I want to turn that into a single iterator that contains all of the matching files, and that iterator should not contain any duplicates. E.g., in the second example above, somefile.txt would naturally appear twice, once from the filename, once from *.txt.; I want it to appear only once in the iterator.
Here's what I've been playing with (most of which is from this SO question), which isn't de-duped. (I'm only printing for the example, there will obviously be processing in the for loop.)
import itertools as it
from glob import iglob
def glob_everything(filelist):
return it.chain.from_iterable(iglob(f) for f in filelist)

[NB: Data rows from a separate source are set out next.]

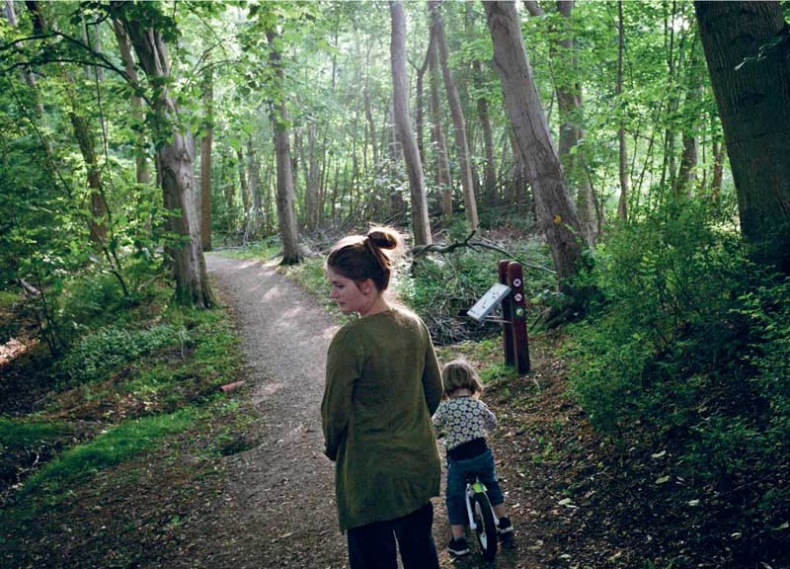 Иллюстрация к книге — Хюгге. Датское искусство счастья [i_055.jpg]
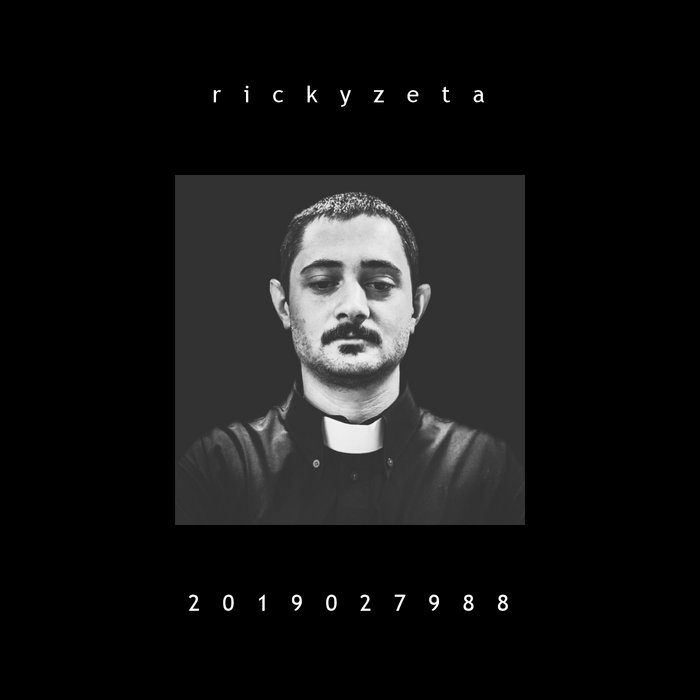 Release artwork for Ricky Zeta — 2 0 1 9 0 2 7 9 8 8.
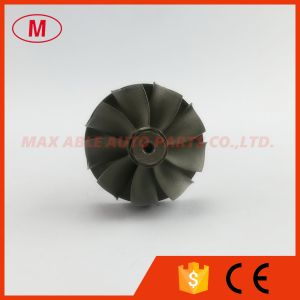 Cheap GTB1752V 739921-0046 39.46/43.0mm 9 blades Turbine shaft&amp;wheel FOR 762965-0001/762965-0002/762965-0003/762965-0007/8/9 for sale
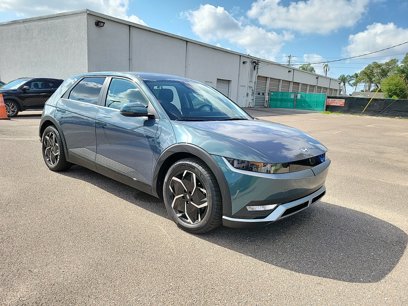 New 2023 Hyundai Ioniq 5 SE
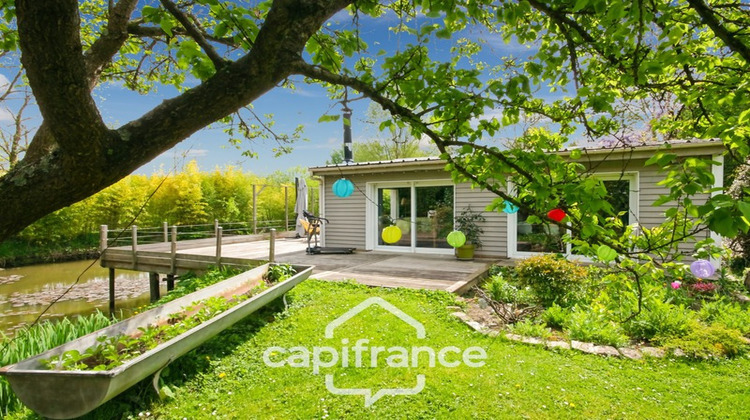 Ma-Cabane - Vente Terrain SAINT QUENTIN, 3200 m²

parmfiles = "somefile.txt *.txt"
files = parmfiles.split()
for file in glob_everything(files):
print('3',file)
I'm using iglob instead of glob because there might be several thousand files involved, and I was trying not to take up memory with all of them.
Is it possible to (easily) de-dup the iterator in the glob_everything function above? (I want the iterator and/or list de-duped before I start, I don't want to have to mess with figuring out if I've already seen a filename as I process the list.)
If not, I assume I'll have to glob the specs individually, extending a list each time, and then turn the list into a set (e.g. set(filelist)) to de-dup it.